What updates can you give on risk stratification in this space?

Risk stratification is very important, and that's the evaluation that we do when we start initial management for patients with mantle cell lymphoma. Based on the risk stratification, we would come up with a plan on whether those patients can be easily watched and waited vs those patients who require treatment. Within those patients who may be requiring treatment, we try to figure out if they are a good candidate for conventional chemoimmunotherapy vs if they may benefit from addition of novel agents. With those risk stratifications or prognostic factors, we look at the mantle cell international prognostic index [MIPI]. It has 4 clinical parameters, including age, performance status, LDH, and white blood cell counts. It gives us a general assessment of the pace of this condition, in a particular patient. MIPI score is important.

For risk stratification, we also look at Ki-67, which is the proliferation index. We also look at their genetic mutation profiles, and collectively for those patients with high MIPI scores or high Ki-67, and particularly with high-risk mutation profiles, we would consider a treatment plan for those that would overcome treatment resistance.

What options excite you most for the future of this space?

There's a lot of the excitement that's going on, especially in the frontline setting, trying to figure out if chemoimmunotherapy is the most optimal option vs whether we introduce novel agents into the frontline setting. Within that, we would like to find out if the combination of chemoimmunotherapy plus novel agents would improve response rates and survival outcomes vs chemotherapy-free, novel agent combinations. Can they be as good or even better in terms of efficacy and less side effects profile? All of those are being looked at in a number of ongoing randomized clinical trials. Some are comparing chemoimmunotherapy plus novel agents vs the standard chemoimmunotherapy examples of that, including the triangle studies, the ECOG 4181 studies [NCT04115631].
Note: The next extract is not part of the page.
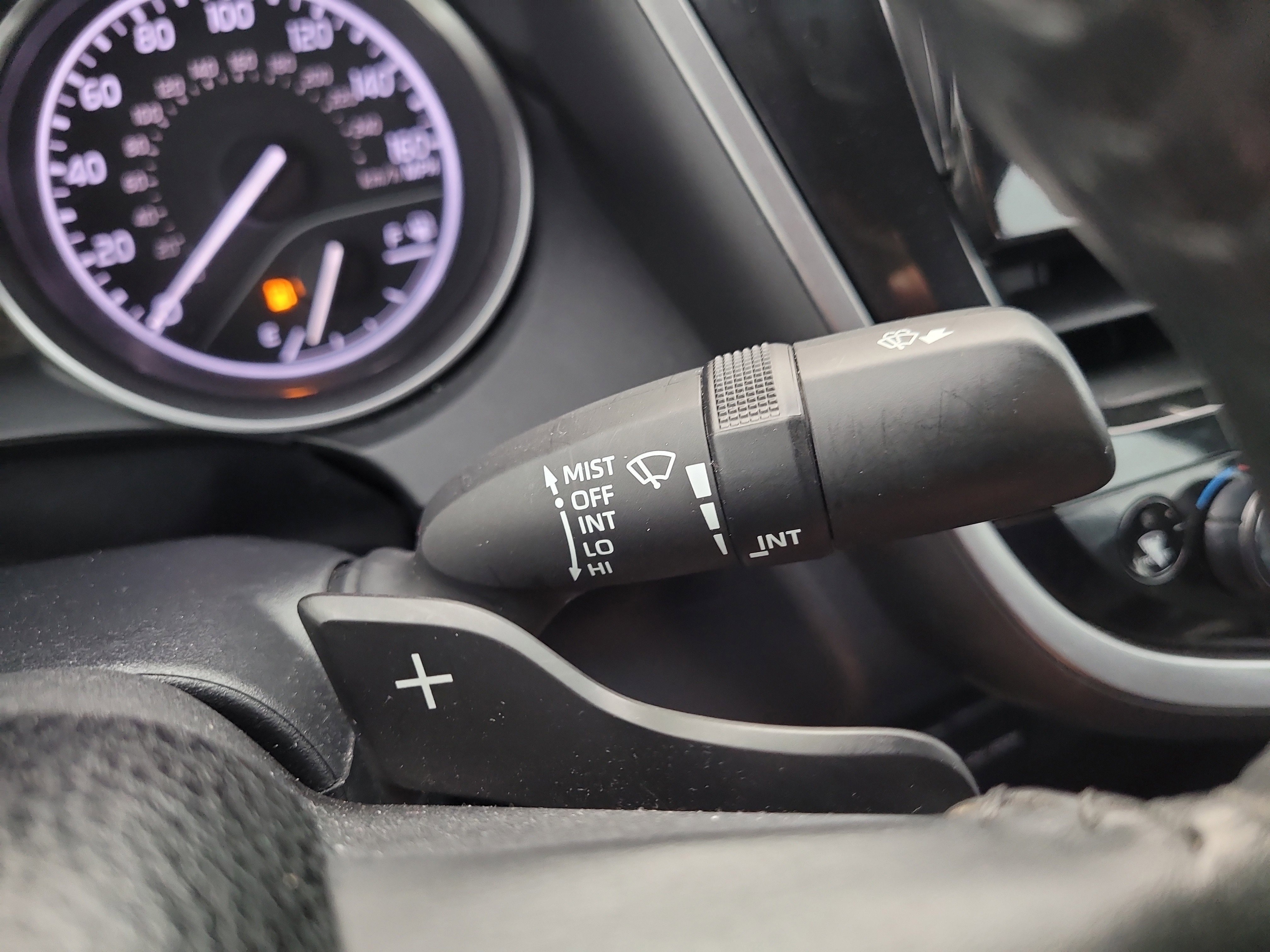 Used 2024 Toyota Camry SE image 29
We know that the SHINE study [NCT01776840] has recently been reported as a similar study that's conducted by the combination of ibrutinib plus bendamustine and rituximab and is maturing. The other category would be a direct comparison of chemoimmunotherapy vs a novel agent combination. I think that would be very exciting to see in certain selected patients that we can do away with chemotherapy therapy altogether. There are 2 very important randomized trials ongoing to address this question. One of them is called the ENRICH study [NCT01880567] to compare the ibrutinib plus rituximab combination vs chemotherapy. The second study is looking at zanubrutinib plus rituximab, the next generation BTK inhibitor, and comparing that with bendamustine plus rituximab, which is a form of chemoimmunotherapy. I'm looking forward to knowing more about the study outcomes of those clinical trials.
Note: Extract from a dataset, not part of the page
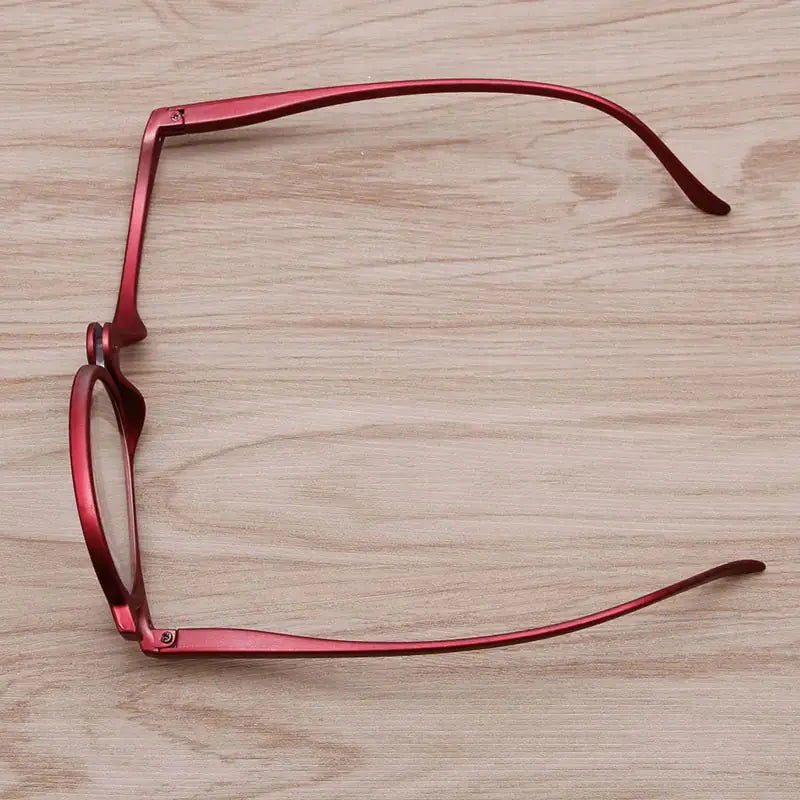 Stylish Women’s Magnifying Glasses – Clarity & Elegance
What should oncologists know about the current MCL space and the current unmet needs?

We're getting more comprehensive reviews of clinical biomarkers and prognostic indexes. We know more about the biology of mantle cell lymphoma and secondly, we are getting a more in-depth analysis of ongoing and also mature data from frontline clinical studies, as well as relapsed/refractory settings. I think there are more options out there and I think this will be informative to recommend for patients to consider participation in clinical trials. Also, it's a more in-depth analysis of published clinical trials and how we can apply the results from those reports in order to serve our patients in a more optimized fashion.

The unmet needs of the mantle cell lymphoma continue to be, how can we move new agents in a rational, designed fashion to the frontline settings, especially for those high-risk patients who have tp53 mutations and are resistant to chemotherapy. What are the best combinations out there? I think those would require more clinical trials, combinations with chimeric antigen receptor T cells with bispecific antibodies, and maybe in combination with small molecule inhibitors.